Then skirting the country of the Horites and Gittites, Mareshah, Edom, and
Lachish, and traversing the lonely wastes of the desert where the tracks of
the traveller are lost in the yielding sand, I will come to the river of Egypt
called Sihor,(9) that is "the muddy river," and go through the five
cities of Egypt which speak the language of Canaan,(10) and through the land
of Goshen and the plains of Zoan(11) on which God wrought his marvellous works.
And I will visit the city of No, which has since become Alexandria;(12) and
Nitria, the town of the Lord, where day by day the filth of multitudes is washed
away with the pure nitre of virtue. No sooner did Paula come in sight of it
than there came to meet her the reverend and estimable bishop, the confessor
Isidore, accompanied by countless multitudes of monks many of whom were of
priestly or of Levitical rank.(12) On seeing these Paula rejoiced to behold
the Lord's glory manifested in them; but protested that she had no claim to
be received with such honour. Need I speak of the Macarii, Arsenius, Serapion,(14)

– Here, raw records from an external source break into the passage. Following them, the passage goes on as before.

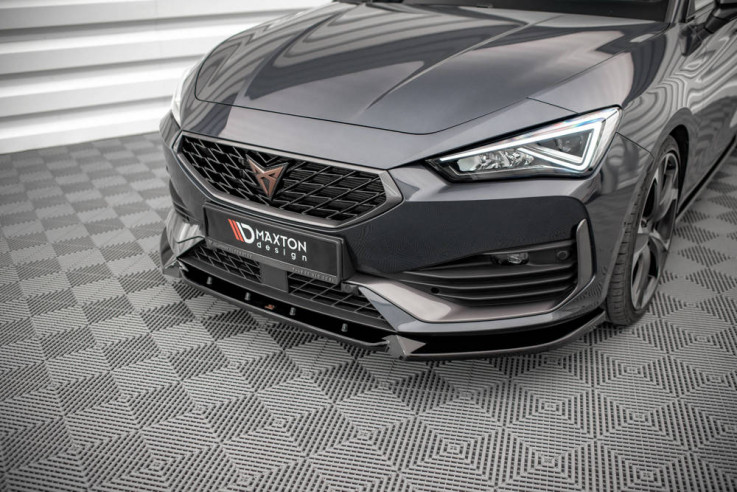 Maxton Design Spoiler předního nárazníku Cupra Leon V.1 - texturovaný plast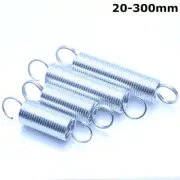 Hook Extension Springs Wire Dia 0.4mm Zinc Plated Spring Steel Tension Expansion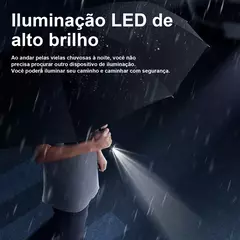 Guarda-sol dobrável de 10 ossos com bolsa automática - comprar online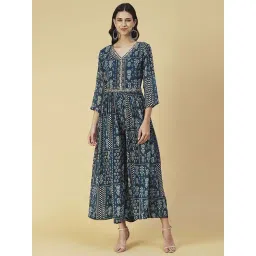 Fashor Blue Printed Jumpsuit-picture-13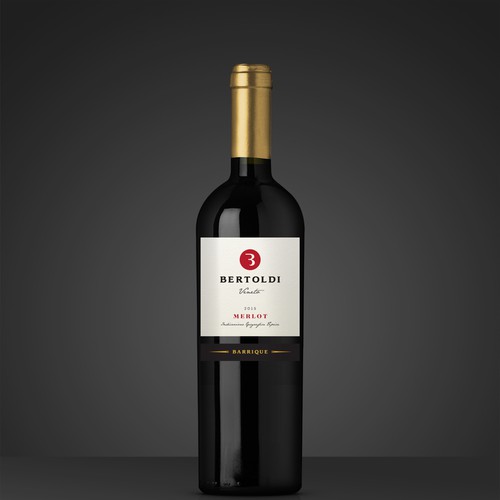 Create a Wine label for a Merlot Barrique "Bertoldi" from Italy Design by nestorson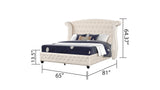 Sophia - Crystal Tufted Upholstered Bed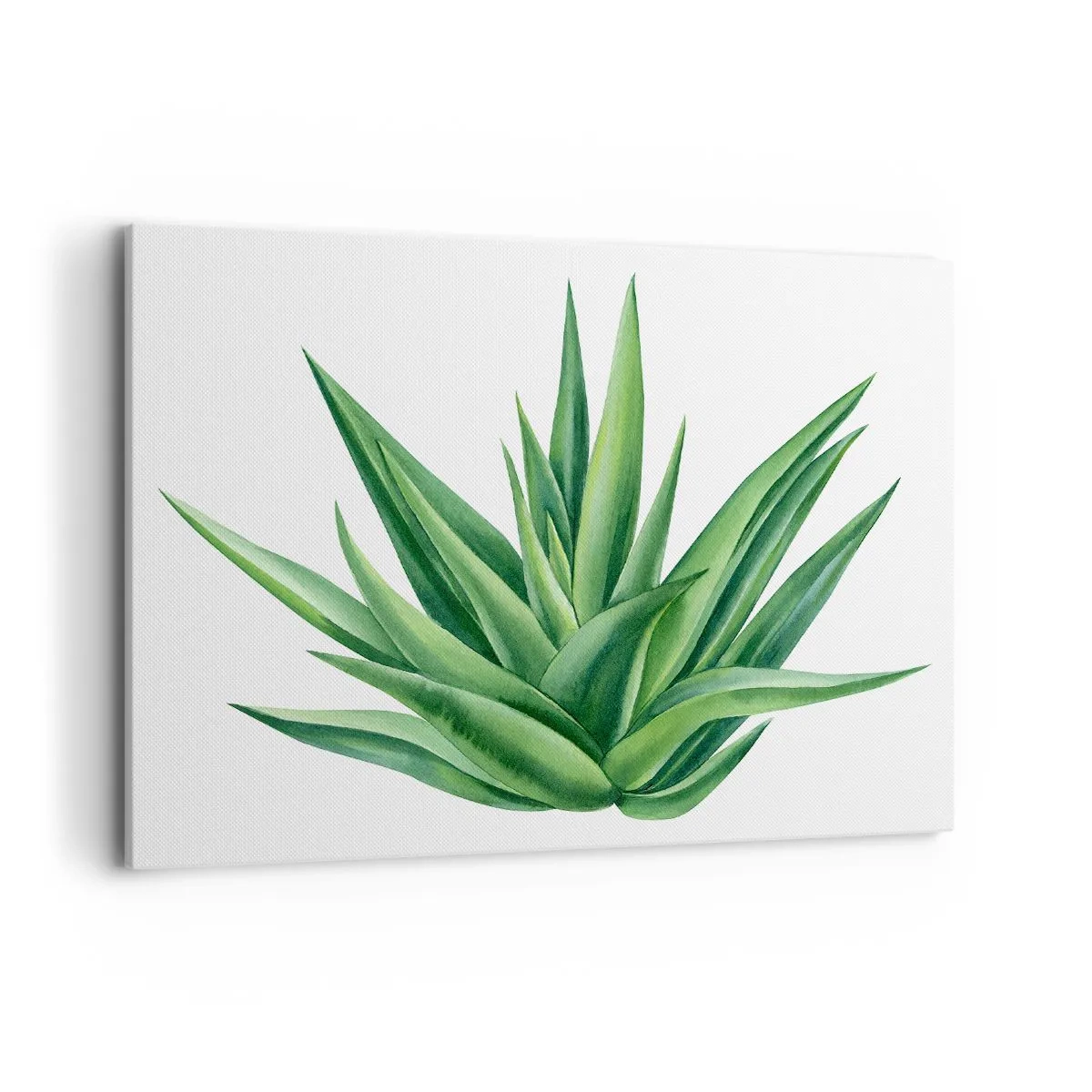 Schilderen op canvas - Groen – kracht – leven - 100x70 cm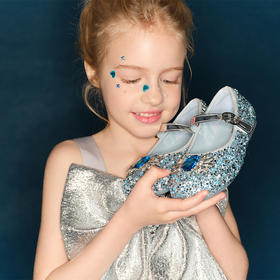 笛莎Deesha 女童童鞋2025春新款时尚洋气浅口低帮皮鞋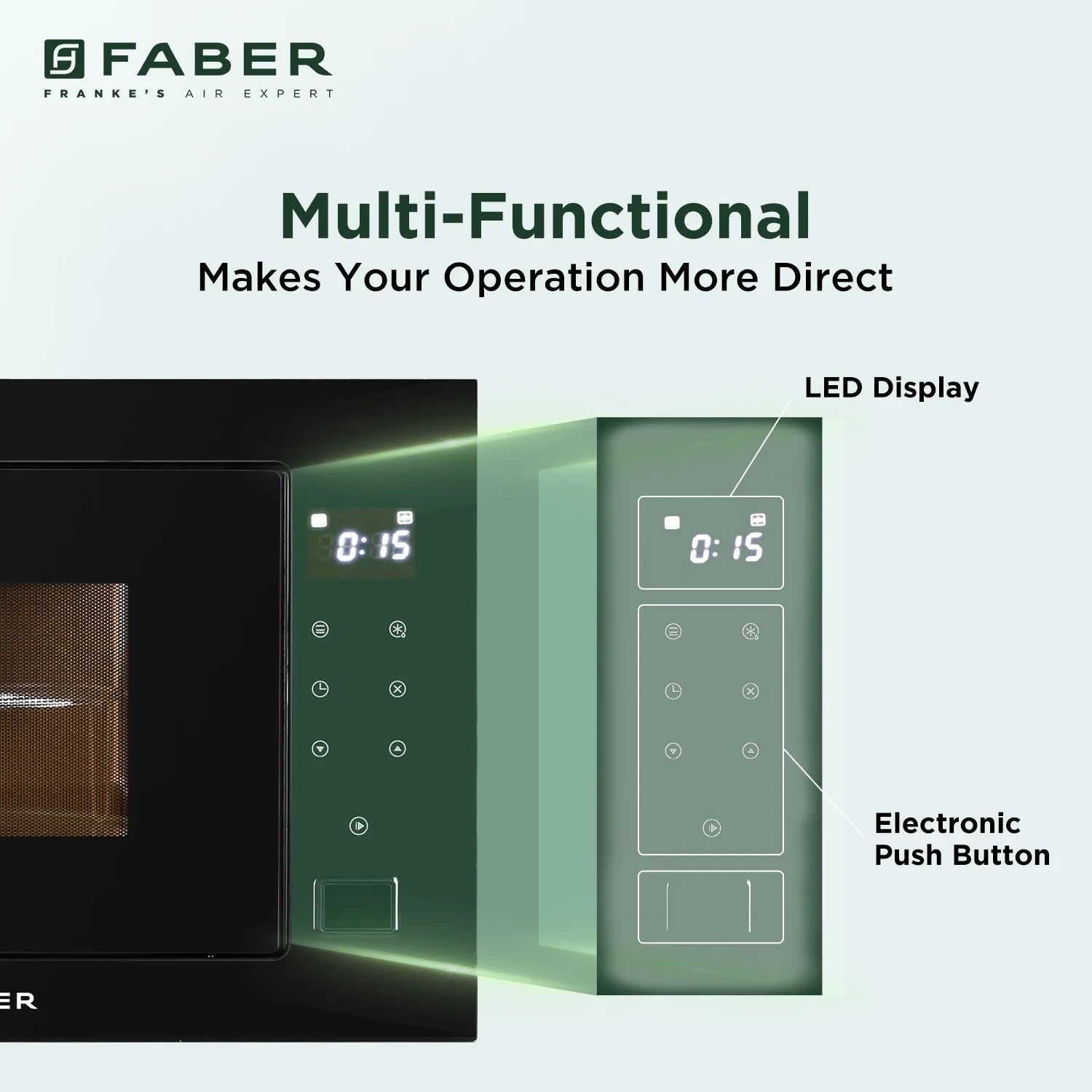 FABER BUILT IN MICROWAVE FBIMWO 25 SG Black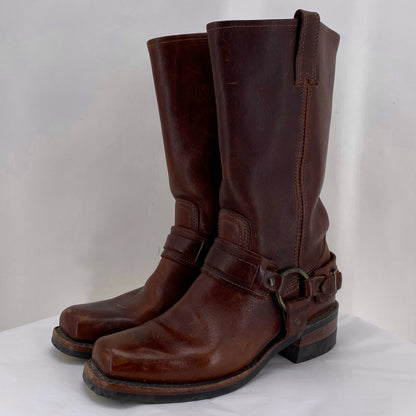 BROWN W Shoe Size 7 FRYE Boots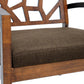 baxton studio jennifer modern lounge chair with dark brown fabric seat | Modish Furniture Store-3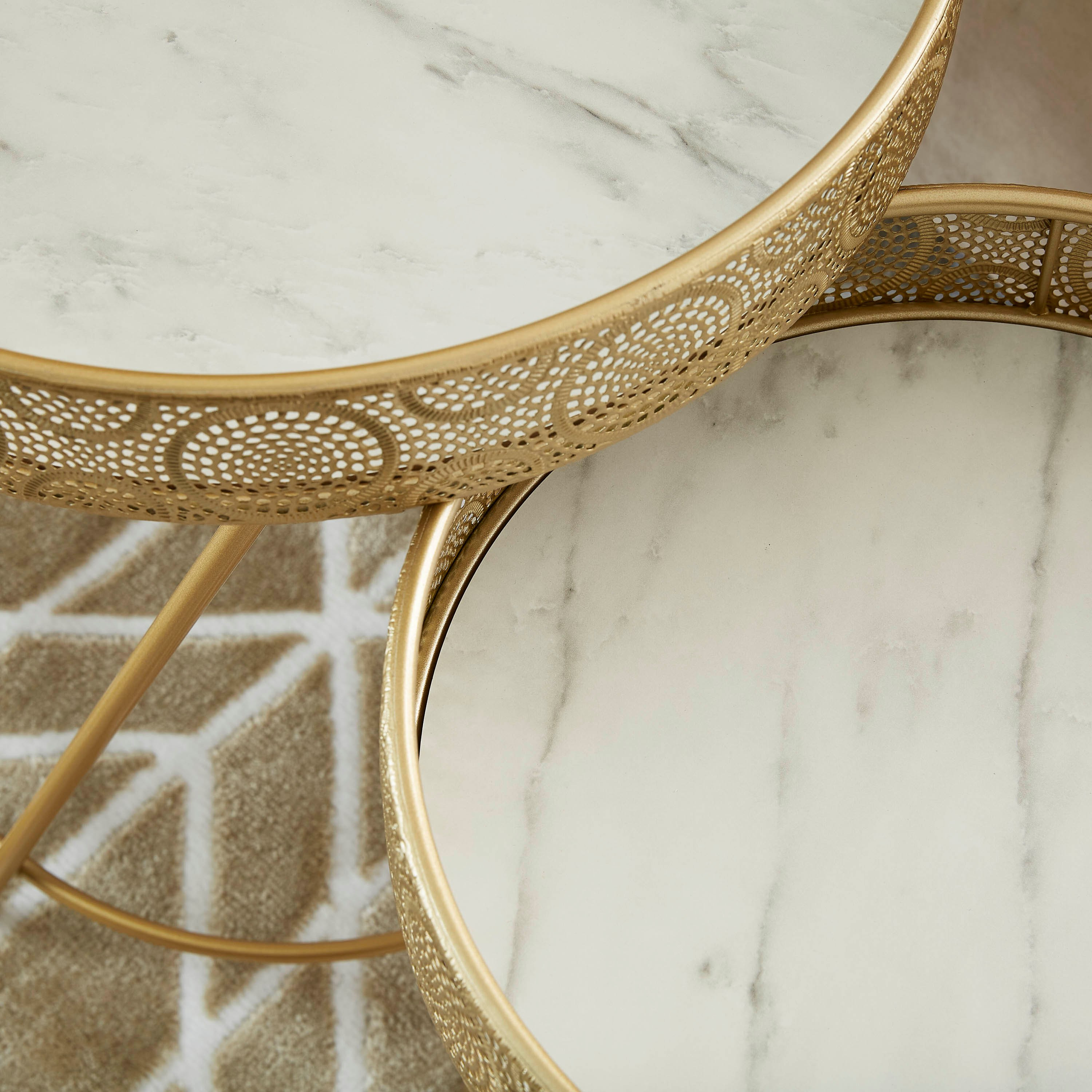 طقم طاولة جانبية قطعتين بسطح رخام من ميرابيل-hbxfurniture-livingroom-endtables-image-4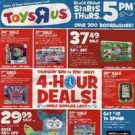 Toys R Us Black Friday Ad Shows Deals, Opening Times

or other pillars of Christ! Was there any cell that she did not enter? Or any
man at whose feet she did not throw herself? In each of His saints she believed
that she saw Christ Himself; and whatever she bestowed upon them she rejoiced
to feel that she had bestowed it upon the Lord. Her enthusiasm was wonderful
and her endurance scarcely credible in a woman. Forgetful of her sex and of
her weakness she even desired to make her abode, together with the girls who
accompanied her, among these thousands of monks. And, as they were all willing
to welcome her, she might perhaps have sought and obtained permission to do
so; had she not been drawn away by a still greater passion for the holy places.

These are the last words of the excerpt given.